FIG. 4 is a block diagram illustrating an implementation of a speech access server 122, in accordance with some embodiments. Speech access server 122 typically includes one or more processing units (CPUs) 402 for executing modules, programs and/or instructions stored in memory 406 and thereby performing processing operations, memory 406, and one or more communication buses 408 for interconnecting these components. Communication buses 408 optionally include circuitry (sometimes called a chipset) that interconnects and controls communications between system components. Speech access server 122 is coupled to terminal 110 and speech recognition server(s) 124 by communication buses 408. Memory 406 includes high-speed random access memory, such as DRAM, SRAM, DDR RAM or other random access solid state memory devices, and may include non-volatile memory, such as one or more magnetic disk storage devices, optical disk storage devices, flash memory devices, or other non-volatile solid state storage devices. Memory 406 optionally includes one or more storage devices remotely located from the CPU(s) 402. Memory 406, or alternately the non-volatile memory device(s) within memory 406, comprises a non-transitory computer readable storage medium. In some embodiments, memory 406, or the computer readable storage medium of memory 406 stores the following programs, modules, and data structures, or a subset thereof:

    • an operating system 410 that includes procedures for handling various basic system services and for performing hardware dependent tasks;
    • a communications module 412 that is used for connecting the speech access server 122 to a terminal (e.g., terminal 110) or other servers (e.g., speech recognition server(s) 124) via one or more communication networks (wired or wireless), such as the Internet, other wide area networks, local area networks, metropolitan area networks, and so on;
    • an initialization module 414 that is used for initializing the speech access server 122, including establishing one or more connections (e.g., one or more Transmission Control Protocol (TCP) long connections) with other servers (e.g., speech recognition server(s) 124);
    • a load balancing module 416 that is used for load balancing speech requests in a speech recognition system (e.g., server cluster 120, FIG. 1); and
    • a recording module 426 that is used for recording which speech recognition servers were not available for processing.

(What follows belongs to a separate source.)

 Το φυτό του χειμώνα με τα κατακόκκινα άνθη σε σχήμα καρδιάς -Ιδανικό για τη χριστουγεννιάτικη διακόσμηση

In some embodiments, the load balancing module 416 optionally includes the following modules or sub-modules, or a subset thereof:

    • a receiving module 418 that is used for receiving a speech request from a terminal (e.g., terminal 110);
    • a selection module 420 that is used for selecting a speech recognition server (e.g., one of the speech recognition server(s) 124) to process the speech request;
    • a forwarding module 422 that is used for forwarding the speech request to an available speech recognition server; and
    • a results module 424 that is used for determining whether the speech request was processed successfully and returning a message to the terminal indicating the result of processing the speech request (e.g., whether the speech request was processed successfully or not).

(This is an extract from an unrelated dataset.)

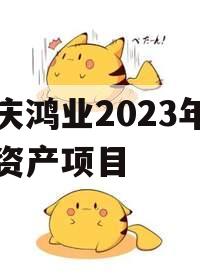 重庆鸿业2023年债权资产项目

Each of the above identified elements may be stored in one or more of the previously mentioned memory devices, and corresponds to a set of instructions for performing a function described above. The above identified modules or programs (i.e., sets of instructions) need not be implemented as separate software programs, procedures or modules, and thus various subsets of these modules may be combined or otherwise re-arranged in various embodiments. In some embodiments, memory 406 may store a subset of the modules and data structures identified above. Furthermore, memory 406 may store additional modules and data structures not described above. In some embodiments, the programs, modules, and data structures stored in memory 406, or the computer readable storage medium of memory 406, provide instructions for implementing any of the methods described below with reference to FIGS. 5A-5D.

Although FIG. 2 shows a speech access server 122, FIG. 2 is intended more as functional description of the various features which may be present in a speech access server than as a structural schematic of the embodiments described herein. In practice, and as recognized by those of ordinary skill in the art, items shown separately could be combined and some items could be separated.

FIGS. 5A-5D illustrate a flowchart representation of a method 500 of load balancing in a speech recognition system, in accordance with some embodiments. In some embodiments, method 500 is performed by a speech access server (e.g., speech access server 122, FIGS. 1 and 4) to load balance speech requests in a speech recognition system (e.g., server cluster 120, FIG. 1) received from a terminal (e.g., terminal 110, FIGS. 1 and 4). In some embodiments, method 500 is governed by instructions that are stored in a non-transitory computer readable storage medium and that are executed by one or more processors of a device, such as the one or more processing units (CPUs) 402 of speech access server 122, shown in FIG. 4.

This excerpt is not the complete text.